The team, from the Cancer Research UK Centre at the UCL (University College London) Cancer Institute, found that mutations in the KRAS gene interferes with protective self-destruct switches, known as TRAIL receptors, which usually help to kill potentially cancerous cells.
The research, carried out in cancer cells and mice, shows that in cancers with faulty versions of the KRAS gene these TRAIL receptors actually help the cancer cells to grow and spread to new areas in the body.
These KRAS faults occur in 95 per cent of pancreatic cancers and 30 per cent of non small cell lung cancers.

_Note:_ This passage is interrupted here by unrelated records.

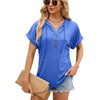 Ladies Summer Hooded Button Loose Short Sleeve T-Shirt Blouse, Size: S(Blue)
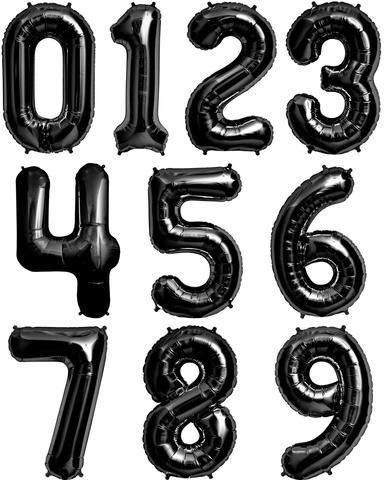 Numbers 0 to 9 Black Foil Balloon 34" each. (Choose your number)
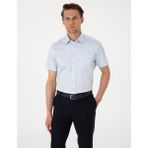 Pierre Cardin Erkek Açık Mavi Parlak Saten Regular Fit Kısa Kollu Basic Gömlek 50302763-VR003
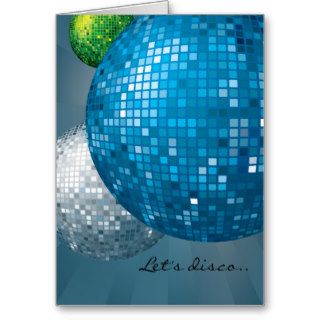 Disco Balls Blue New Year Party Card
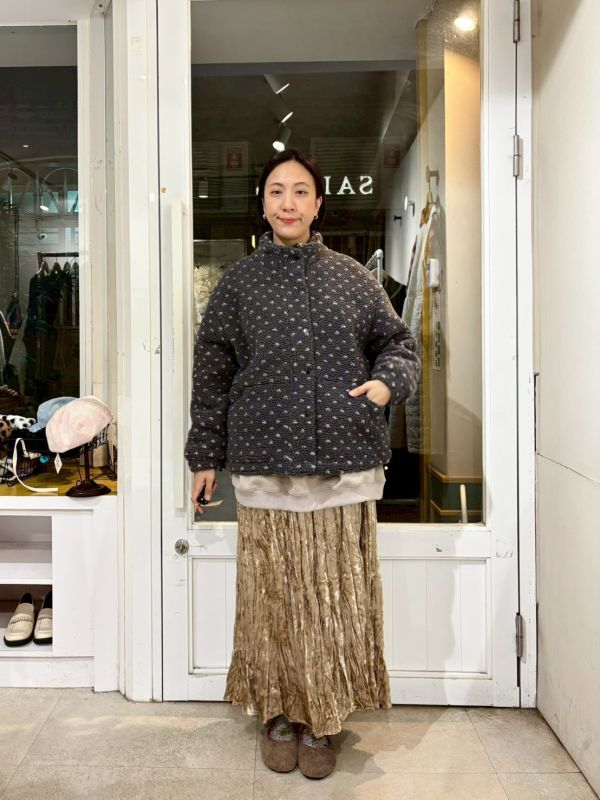 絨毛白點灰外套 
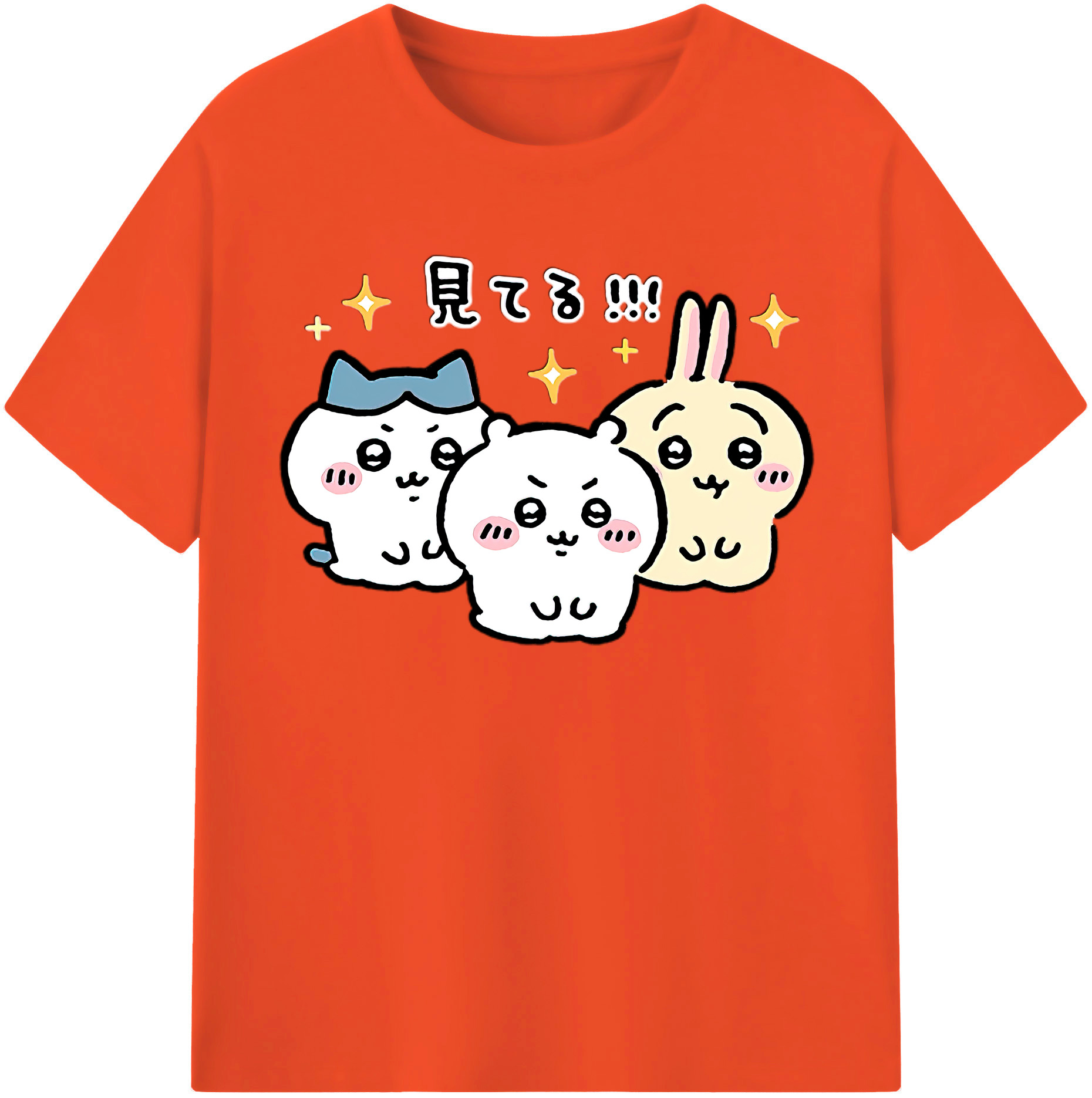 （画像用） ちいかわ ハチワレ Chii-kawa hachiware 綿100％半袖Tシャツ（フロントプリント）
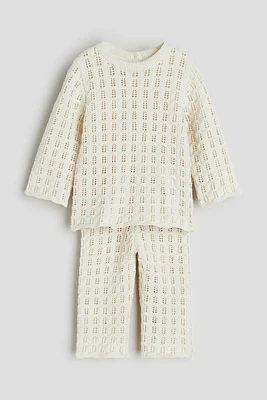 2-piece Pointelle-knit Set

Professor Henning Walczak, lead researcher of the study and scientific director of the Cancer Research UK-UCL Centre, said: “Our research has unveiled a new strategy used by some pancreatic and non small cell lung cancers to overcome our body’s natural defences against cancer. By understanding the faults in these cancers we think we can develop more tailored treatments, which could one day provide urgently-needed options for patients with these types of pancreatic and non small cell lung cancers.”
Each year in Great Britain 32,500 people are diagnosed with non small cell lung cancer and around 8,600 people are diagnosed with pancreatic cancer. Survival for these cancers has not shown much improvement for 40 years.
Nell Barrie, senior science information manager at Cancer Research UK, said: “Sadly survival from pancreatic and lung cancers remains far too low, partly because these cancers are very difficult to treat once they have spread.
“We urgently need better treatments, so it’s vital to delve deeper into the molecular workings of these cancers to find ways to combat them. This research may one day help us find a way to block cancer spread, which would be a vital step to save more lives.”